The Fed’s move pushed down stock markets in major economies, with Japan (where the central bank announced additional easing measures) and the US recording weekly losses. The S&P and Dow recorded their worst two-day performance since Sep 1, led by a rout of financial stocks. Other factors such as option expiry and oil price fall contributed to the negative mood. Emerging and regional markets on the contrary had a positive week. On FX markets the dollar gained some ground after the Fed’s decision, but overall major currencies crosses did not move much. The yuan however was pushed down by the authorities in a move intended to ease pressures on export sectors. Oil prices continued to fall and also gold trading was on the back foot.
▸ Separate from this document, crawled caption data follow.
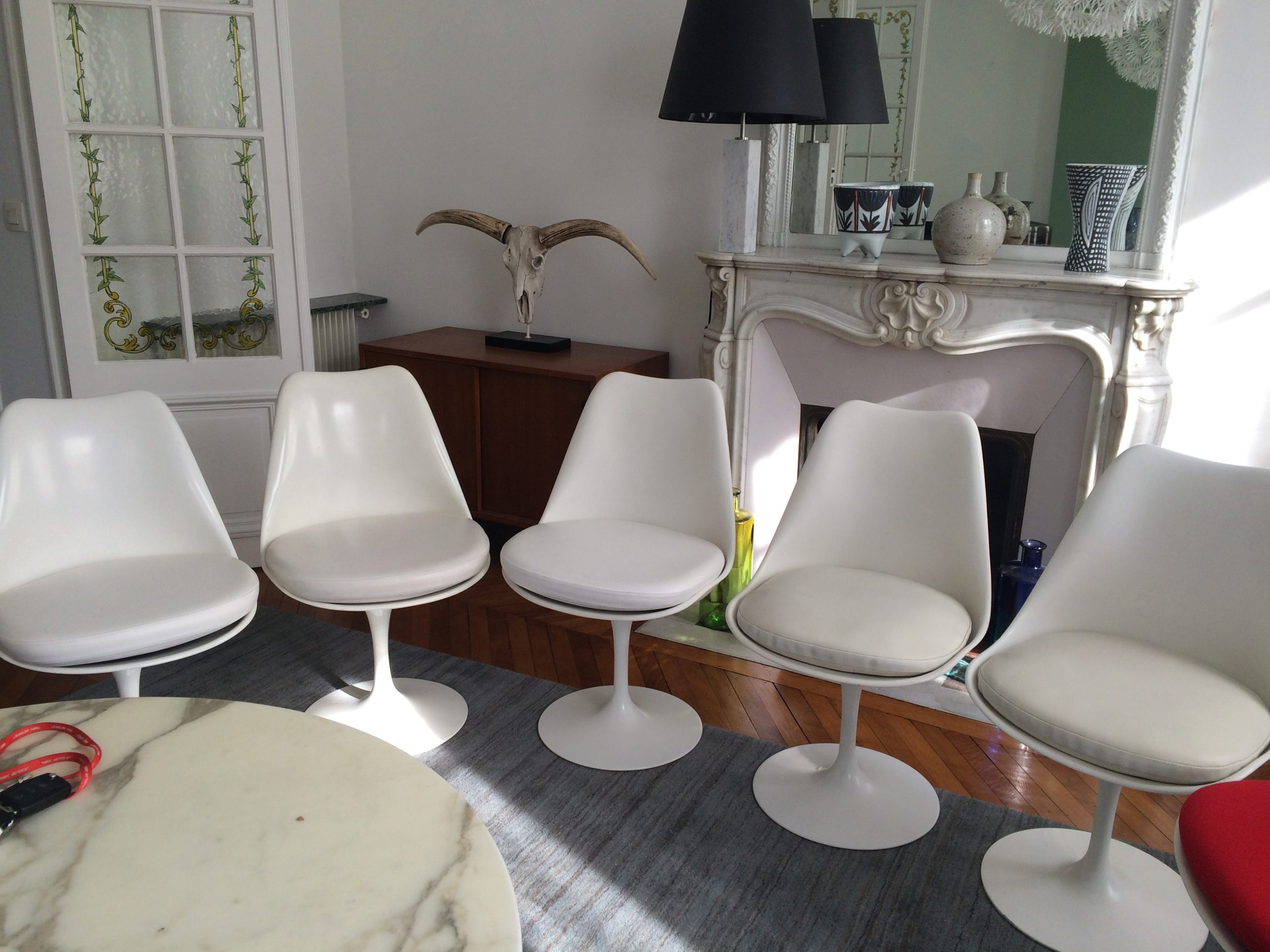 Authentiques chaises tulipe Saarinen édition Knoll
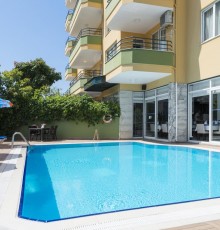 Iris Apart Hotel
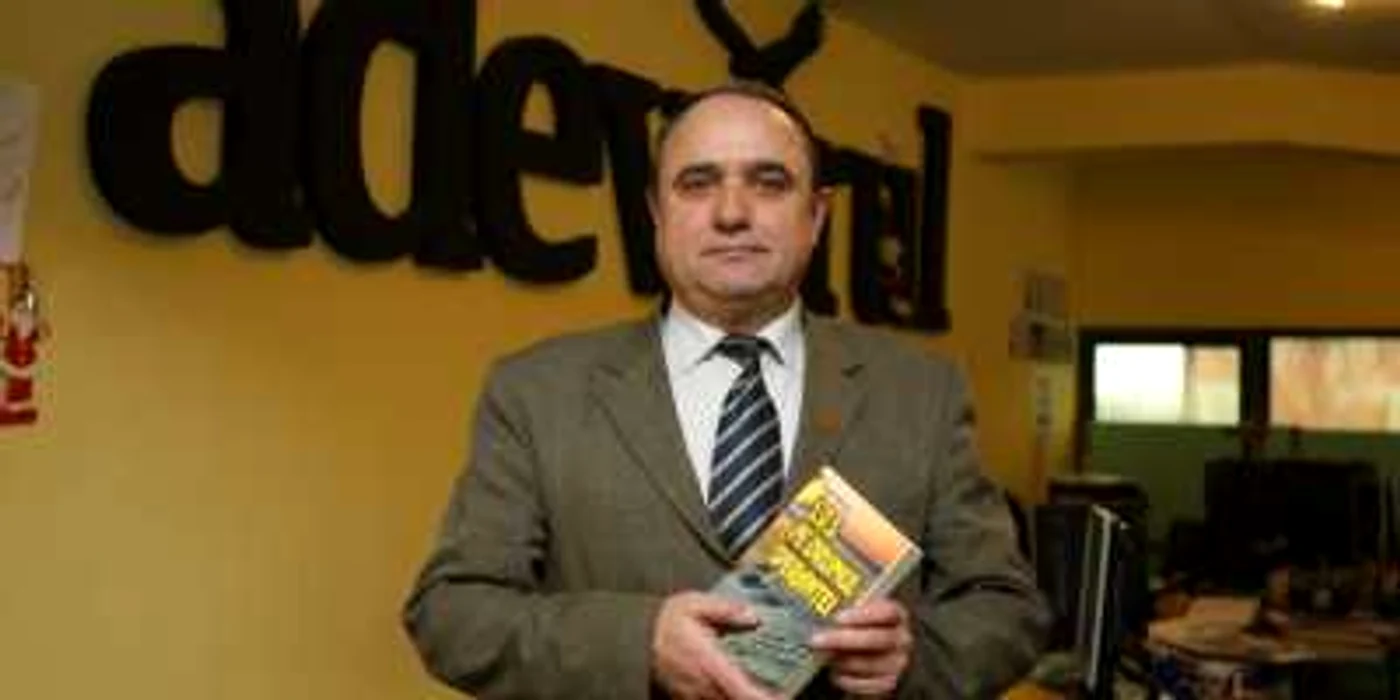Puţinul timp liber care îi mai rămâne îl dedică tenisului de masă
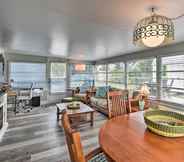 Others 5 Colorful, Pet-friendly Home Near Ormond Beach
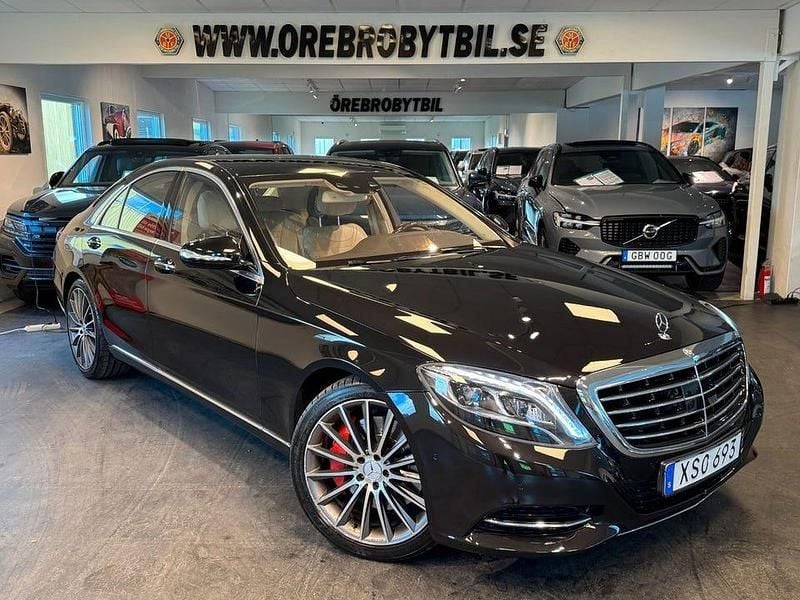 Svart Begagnad 2014 Mercedes S500 SE Sedan | 349 900 kr (Marknadspris) - Bild 1/4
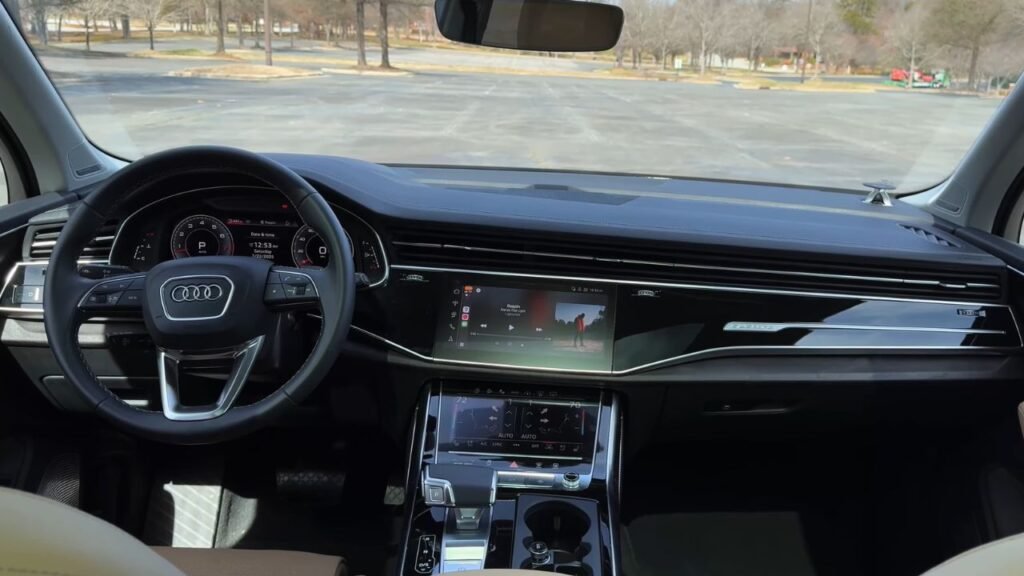 2025 Audi Q7 Cabin Interior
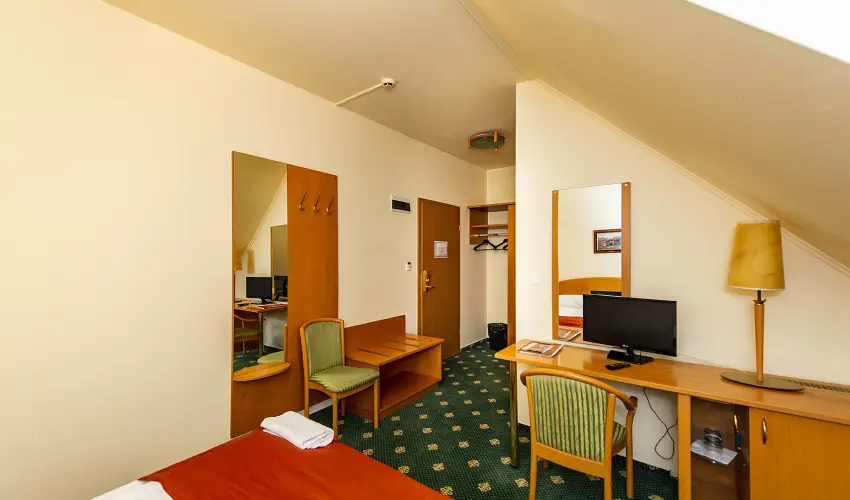 Gastland M0 Hotel Szigetszentmikls - Karcsony 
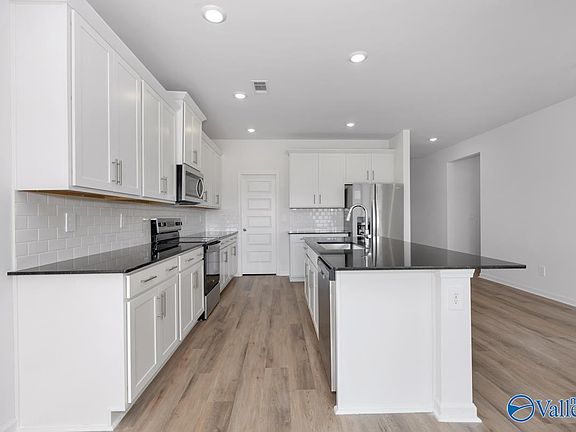 5th image of 78 Wilcot Rd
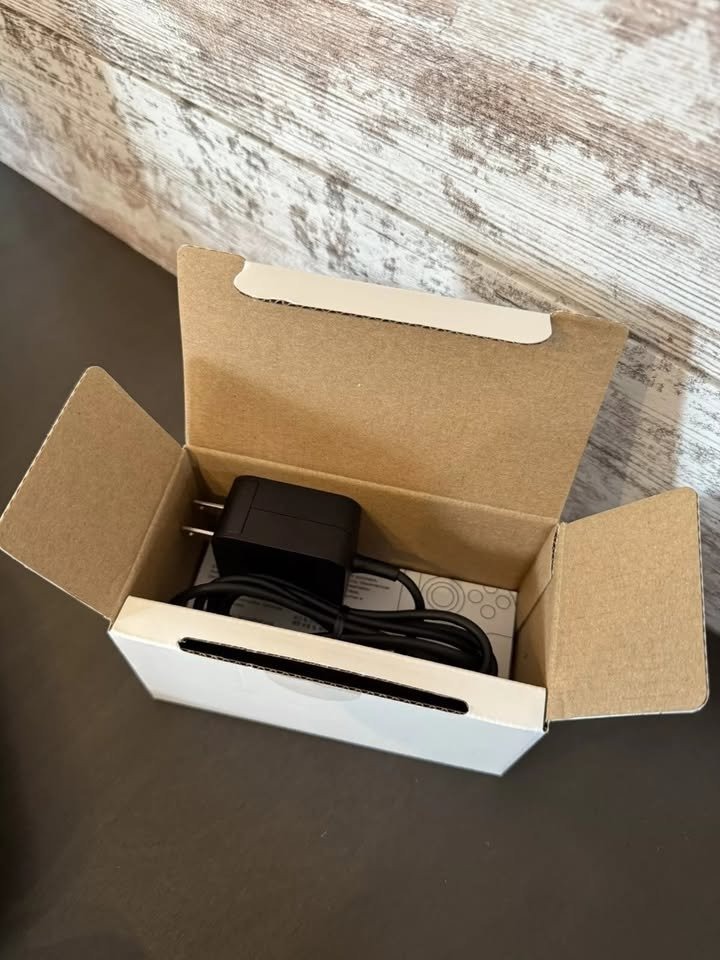 Valve Steam Deck 512GB LCD w/ Steam Dock, case, power adapter and original box thumbnail 4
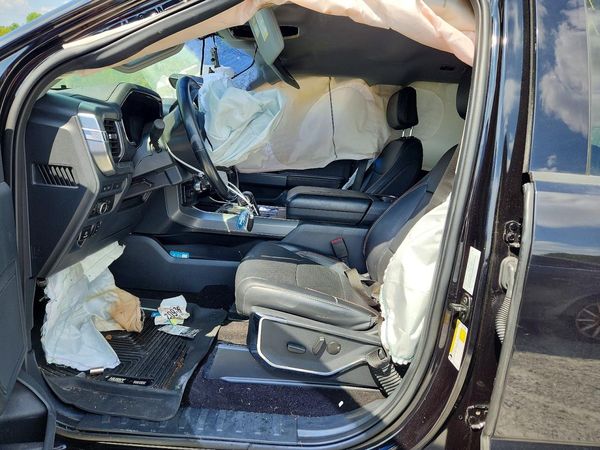 2022 FORD F150 SuperCrew — DENT
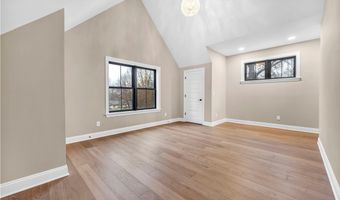 690 Club Dr W, Aurora, OH 44202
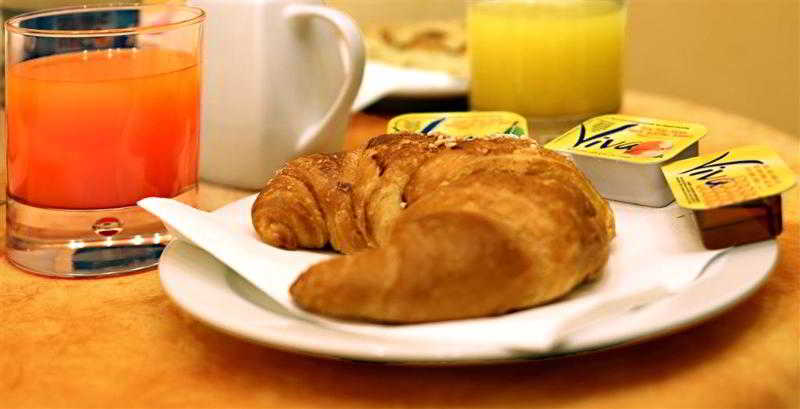 Hotel Pavone - photo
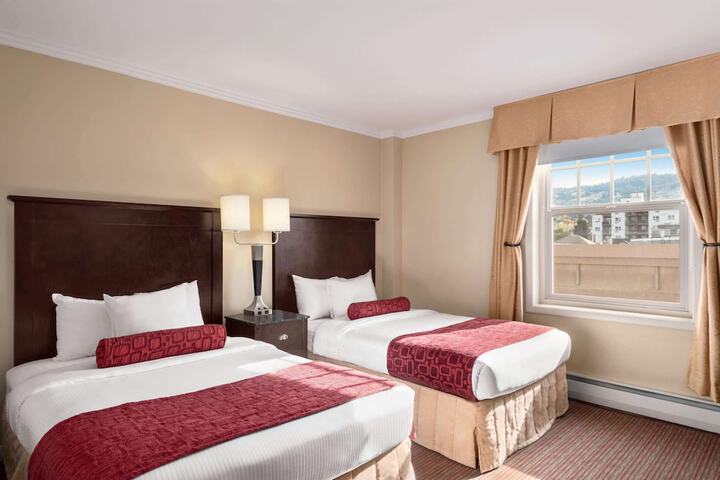 The Plaza Hotel Downtown Trademark Collection by Wyndham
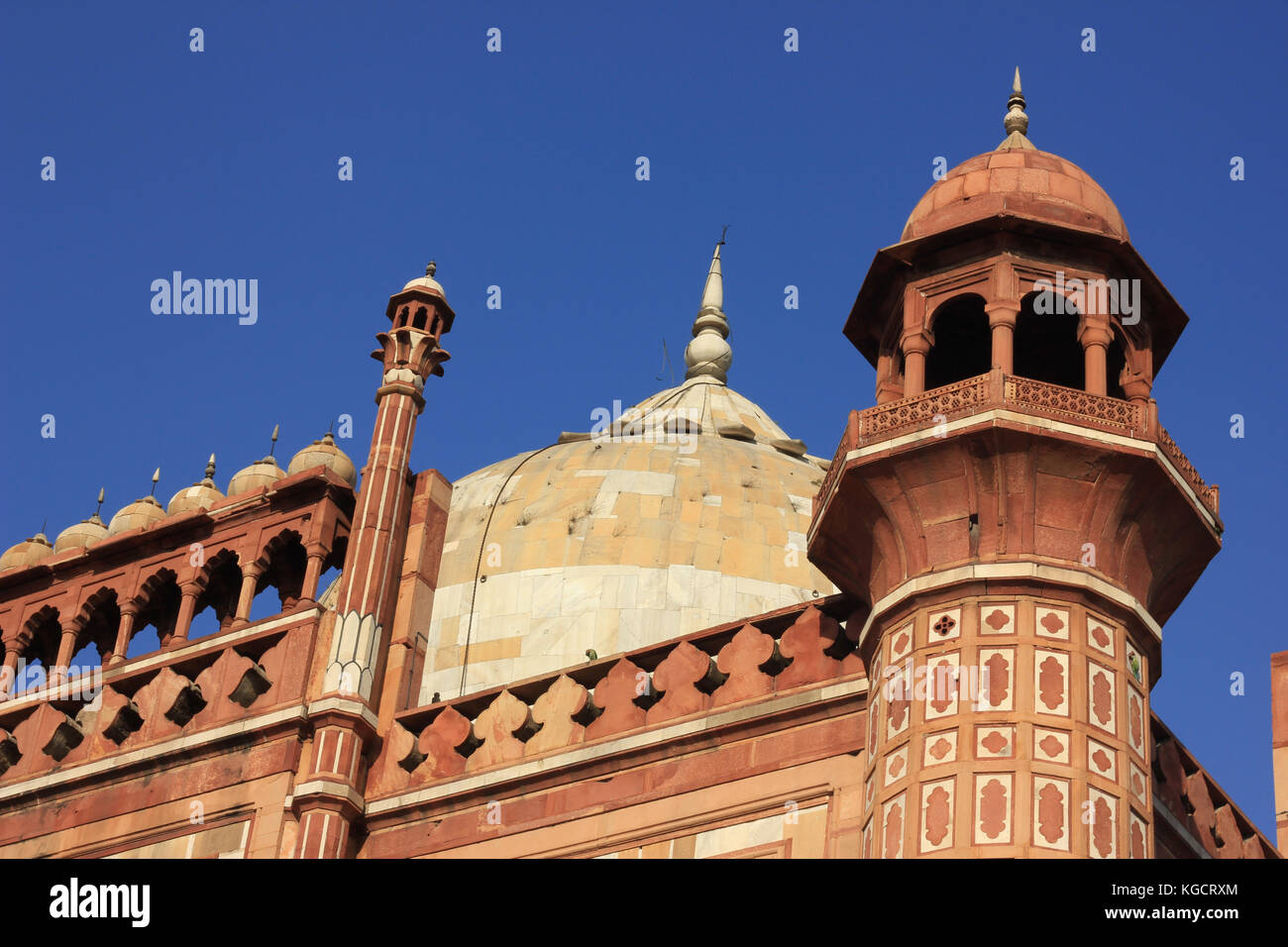 Safdarjung Grab ist ein Sandstein und Marmor Mausoleum in Delhi, Indien. Es wurde 1754 in den späten Mughal Empire Stil für Nawab Safdarjung gebaut. Stockfoto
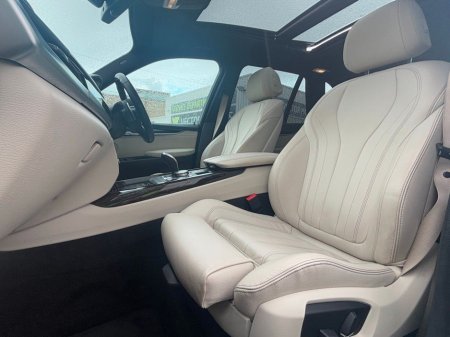 2017 BMW X5 - thumbnail 10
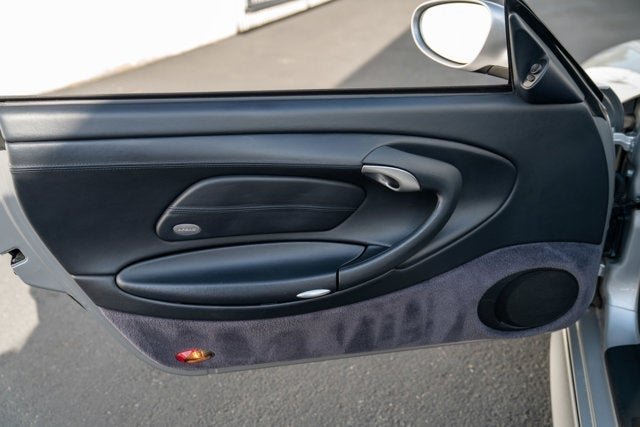 2001 Porsche 911 Carrera 4 Cabriolet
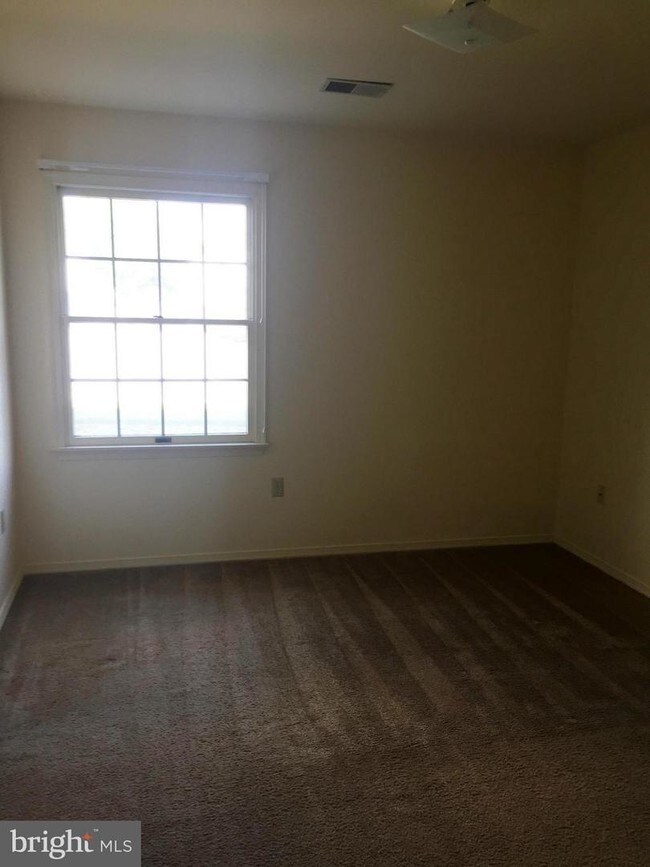 Building Photo - 508 Lynnehaven Dr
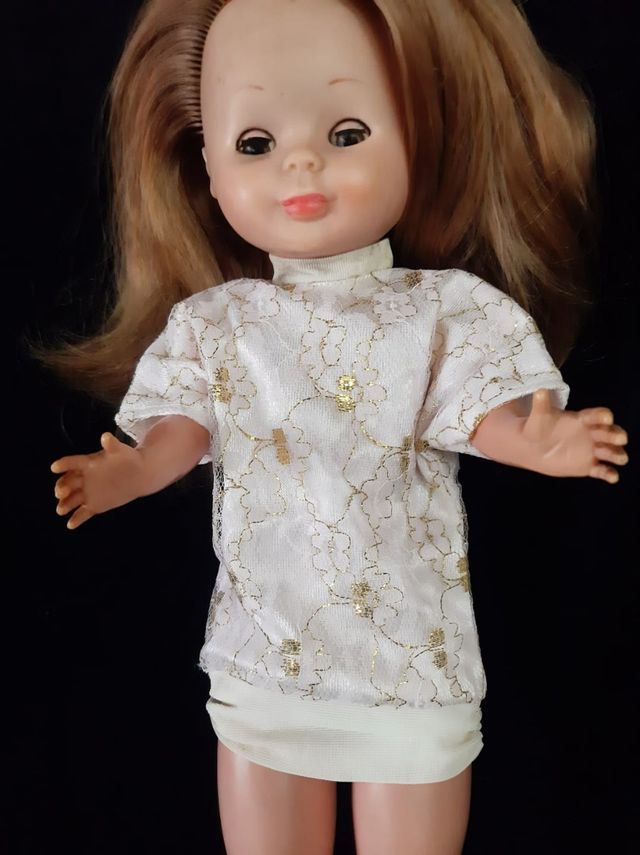 Muñeca Nancy Vintage Famosa con Vestido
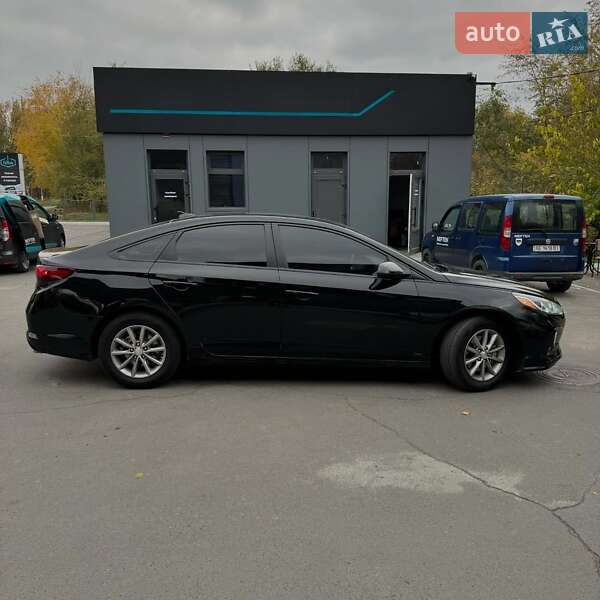 Седан Hyundai Sonata 2018 в Львове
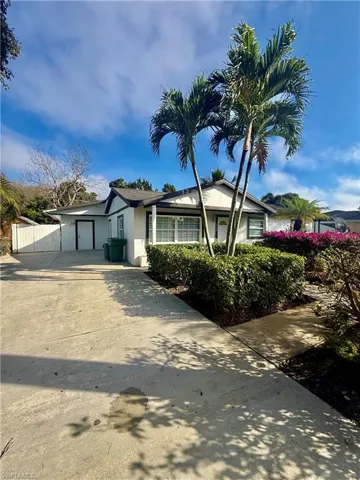 733  Pine Cone  LN, Naples, FL 34104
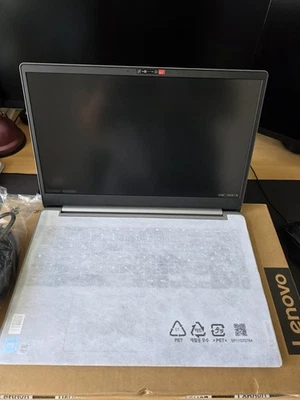 Lenovo Chromebook IdeaPad 3i | 15.6 Zoll Full HD Touch Display - Bild 1 von 4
- After months of policy debate the US Fed hiked the policy rate by 25 bp, indicating a gradual pace of future rate increases probably still steeper than market’s expectations.
- US CPI remained unchanged mom in Nov. after a marginal increase of 0.2% in Oct, as a result of a -1.3% fall in energy prices, as well as a -0.1% decline in food prices.
- US industrial production fell -0.6% mom in Nov following a -0.2% drop in Oct, the steepest monthly drop in 4 years. Weakness in utilities and mining led the output decline.
- US current account deficit widened during Q3 from USD 111 bn to 124 bn, as a result of the strong dollar and weak external economic conditions.
- US residential constructions maintained the momentum expanding by 16.5% yoy in Nov still led by multifamily constructions. The NAHB index of builder confidence saw a slight reduction to 61 in Dec, dropping by 1 point from Nov’s final index reading.
- US initial unemployment claims fell 11,000 in the week ended 12 Dec, reaching 271k from 282k previously. The 4-week moving average remained unchanged from Nov final figure.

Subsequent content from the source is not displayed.